Tag: Rules

Spirit of the Game

The recent ruling in the Transatlantic Go Tournament seems wrong: it puts technology ahead of the game of go. It leaves a sour taste in my mouth. There may be circumstances I’m not aware of, but basically, the game between Mateusz Surma and Eric Lui was played online over KGS, Mateusz was ahead on the board in the late endgame, and the move he tried to play with 10 seconds to spare somehow did not make it to the server in time. The final ruling is that he lost on time. To me, this violates the spirit of the game.

In ultimate frisbee, the Spirit of the Game is a guiding principle of the rules. Players call and adjudicate their own fouls; if players disagree, play gets restored as best as possible to what would have happened without that incident.

“Spirit of the Game: Ultimate relies upon a spirit of sportsmanship that places the responsibility for fair play on the player. Highly competitive play is encouraged, but never at the expense of mutual respect among competitors, adherence to the agreed upon rules, or the basic joy of play.” [Official Rules of Ultimate, 11th Edition]

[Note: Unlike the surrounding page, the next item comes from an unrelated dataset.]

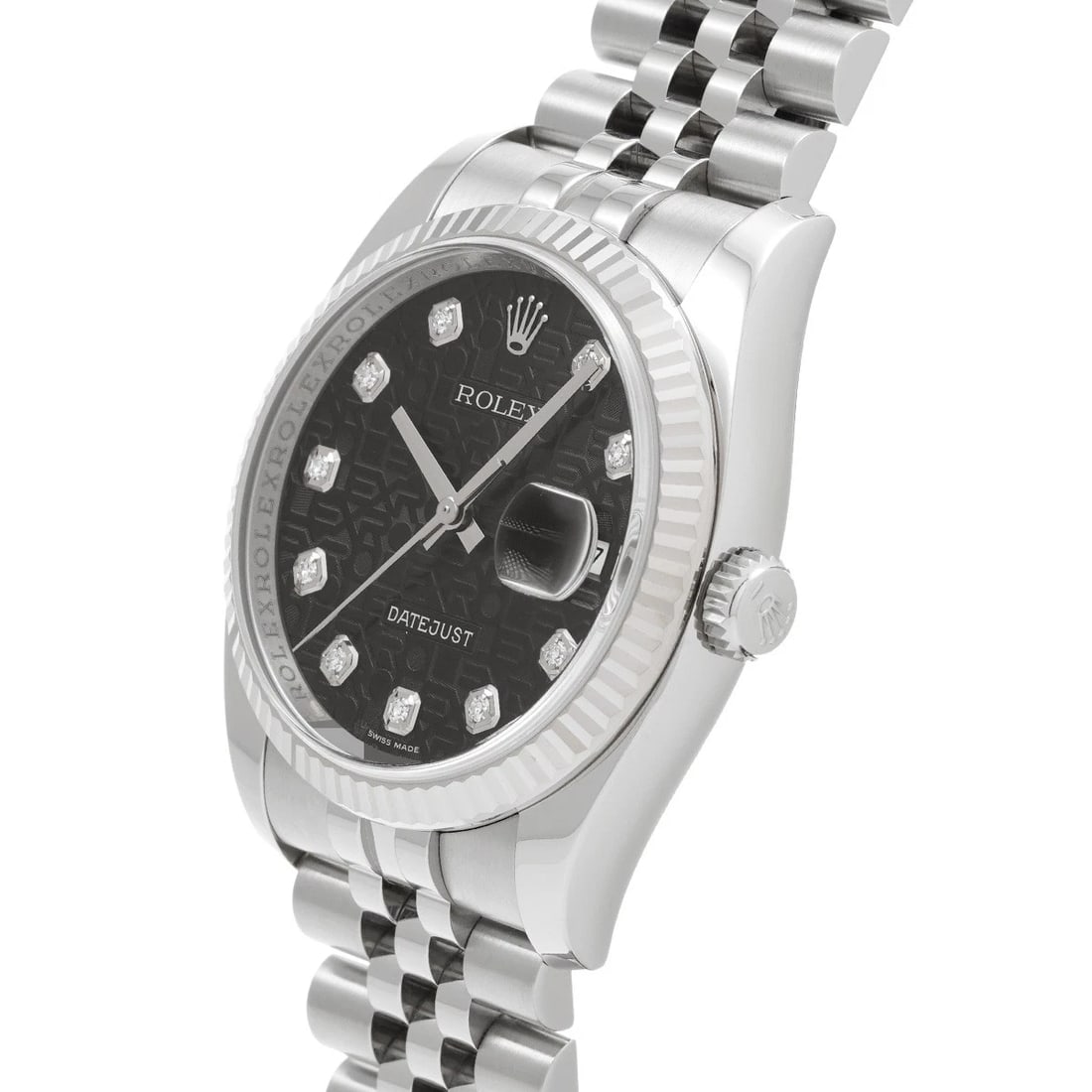 ROLEX DATEJUST BLACK COMPUTER DIAMOND WATCH - 2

Even at the professional level, where there are referees, the integrity rule allows players to overrule the referee when it’s to their own disadvantage:

“Any player or head coach can overturn any call made by an official if the official’s call favored the player’s or coach’s own team. Officials shall respect the integrity call. This allows teams to display sportsmanship and remedy an incorrect call against their opponent.” [AUDL Rule Book]

To me, go and ultimate share the same kind of spirit: highly competitive yet friendly play.

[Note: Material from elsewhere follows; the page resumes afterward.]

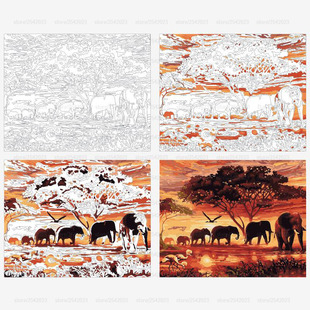 DIY Landscape Digital Painting Numbers HOT Elephants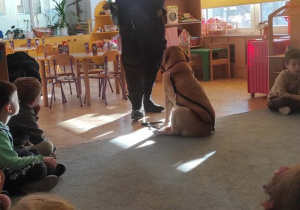 Strażnik przedstawia swojego psa.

Mateusz losing due to a technical glitch makes the game of go subservient to technology. Technology enables long-distance tournaments, but that should be an incidental part of the match: the game is most important. When technology goes wrong, you try to restore the game to what it would have been without the technical glitch. And when a ruling is unfair, the winner should be able to overturn it. Integrity and spirit of the game are important, both in ultimate and in go.